Le monde d'après : Le secteur auto sous pression

Le marché automobile européen traverse une période difficile, principalement à cause de la montée en puissance des constructeurs chinois, dont BYD. Selon la banque américaine Citi, ces derniers pourraient atteindre près de 10% de parts de marché en Europe dès cette année, contre environ 7% en 2025. Cette progression s'explique notamment par le ralentissement de la demande en Chine, qui pousse les groupes chinois à exporter davantage vers l'Europe. Dans ce contexte, les constructeurs européens souffrent en Bourse. Stellantis perd notamment 2,9%* aujourd'hui, notre opération baissière sur le titre. Le secteur automobile a nettement sous-performé le reste du marché en 2025 et continue de reculer début 2026. Les droits de douane américains, la concurrence accrue en Europe et les difficultés sur le marché chinois pour les groupes allemands continuent de peser lourdement sur les résultats et les perspectives. La concurrence chinoise exerce aussi une pression directe sur les prix des voitures. Citi anticipe ainsi une baisse des prix en 2026, ce qui pèserait sur la rentabilité de Volkswagen, Stellantis et Renault. Cette situation inquiète les marchés et explique les baisses des derniers jours en Bourse. Renault fait toutefois figure d'exception relative. Même si Citi a abaissé son objectif de cours à 38€, la banque estime que le groupe résiste mieux que ses concurrents grâce à des lancements commerciaux réussis. Sa part de marché en Europe a progressé sur un an et pourrait se maintenir autour de 10% en 2026. À l'inverse, Stellantis continue de perdre des parts de marché au profit des groupes chinois, sans perspective claire de redressement à court terme. D'autres grands établissements partagent le diagnostic de Citi. En décembre, UBS soulignait que la percée des constructeurs chinois représente aujourd'hui le principal défi pour l'industrie automobile européenne. Et pour cause, leurs gains de parts de marché se sont faits en grande partie au détriment des groupes du Vieux Continent depuis plusieurs années. Affaire à suivre !

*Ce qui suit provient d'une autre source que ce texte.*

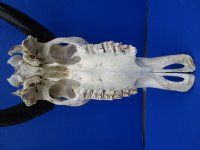Authentic Water Buffalo Skull for Sale with 13-3/4 and 14-1/2 inches Horns, Grade B for $89.99 <font color=red> SALE $69.99</font>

Le lexique : Les ventes à découvert

Les ventes à découvert sont des opérations financières qui consistent à vendre un actif, le plus souvent une action, que l'on ne possède pas encore, dans l'espoir de le racheter plus tard à un prix inférieur. Concrètement, l'investisseur emprunte l'actif, le vend immédiatement au prix du marché, puis attend une baisse de sa valeur pour le racheter et le restituer à son prêteur. Si le prix a effectivement baissé, la différence entre le prix de vente initial et le prix de rachat génère un gain. En revanche, si le prix augmente, l'investisseur subit une perte, qui peut être importante puisque le prix d'un actif peut théoriquement monter sans limite.